Witam,
ostatnio wybrałem się na przejażdżkę quadzikiem. Po przejechaniu około 500-700m (po wyjeździe z osiedla rozpędziłem go) coś strzeliło (nie jestem w stanie określić jakiego typu było to strzelenie, zdaje mi się, że coś w silniku), po czym zaczął zwalniać, przestał reagować na manetkę, zjechałem na pobocze i zgasł. Próbowałem go odpalić rozrusznikiem - bez skutku. Rozrusznik kręci, ale silnik nie chce załapać. Szczerze powiem, że nie próbowałem ręcznie go odpalić, wyleciało mi to kompletnie z głowy.
Dodam jeszcze, że deszczyk wcześniej padał, podczas tej krótkie jazdy też i ulice były mokre.

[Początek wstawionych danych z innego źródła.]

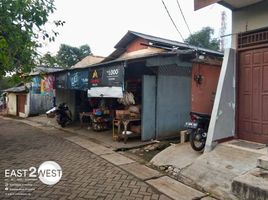 12 Habitación Casa en venta en Banten, Serpong, Tangerang, Banten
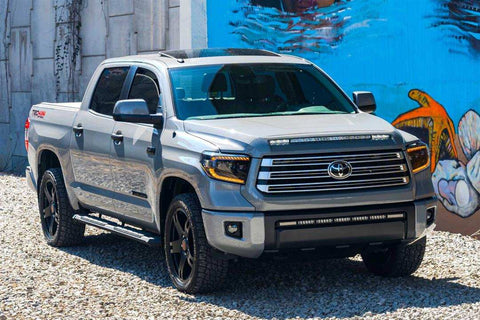 MORIMOTO LF532.2-A-ASM XB LD HEADLGTS TOY TUNDRA 14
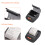 PT-230 57 mm Thermodrucker, 2000 mAh, 6 Rollen 2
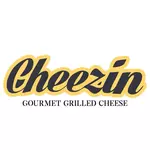 Cheezin logo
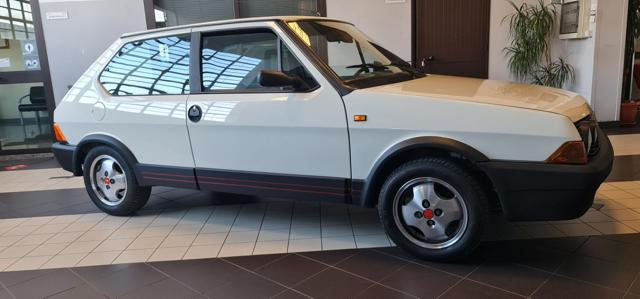 FIAT Ritmo 130 TC 3 porte Abarth **CONDIZIONI ECCELLENTI** Immagine 0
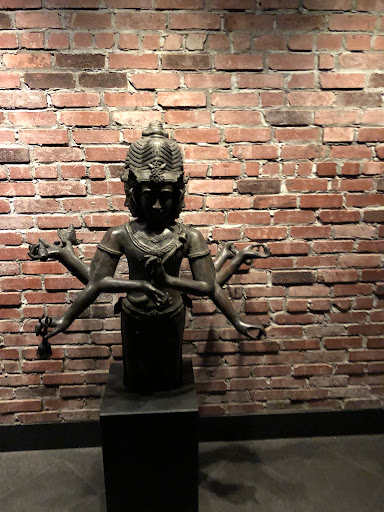 Pan-Asian Restaurant «TAO Downtown», reviews and photos, 92 9th Ave, New York, NY 10011, USA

Prowadząc quada do garażu, słyszałem dziwne cykanie w silniku, wcześniej takiego nie było. Iskry nie sprawdziłem, bo pożyczyłem znajomemu klucz, a jedyny jaki miałem był za krótki. Byłbym wdzięczny za wszelakie próby pomocy. Quad to ACCESS SP250.
Strzelił, zgasł i nie odpala
Re: Strzelił, zgasł i nie odpala
Witam w dniu dzisiejszym podczas jazdy max 35 km na godzinę quad zgasł i już nie odpali . Czy ktoś miał już taki problem ... Maszyna ma przejechane 210 km. W środę 15 km temu był na przeglądzie .
- Marines
- Moderator
- Posty: 584
- Rejestracja: pt 08 lip, 2011
- Quad:: Czerwony...
- Imię: Marcin
- Lokalizacja: Bydgoszcz
Re: Strzelił, zgasł i nie odpala
Skoro jest na "gwarancji" to uderz do nich. Z fusów nie wywróżymy. Musisz sprawdzić podstawy - czy jest iskra, czy dochodzi paliwo, czy jest kompresja.
"Są rzeczy, które trzeba zrobić i robi się je, ale nigdy o nich nie mówi. Nie próbuje się ich usprawiedliwiać. Są nie do usprawiedliwienia. Po prostu się je robi. A potem zapomina."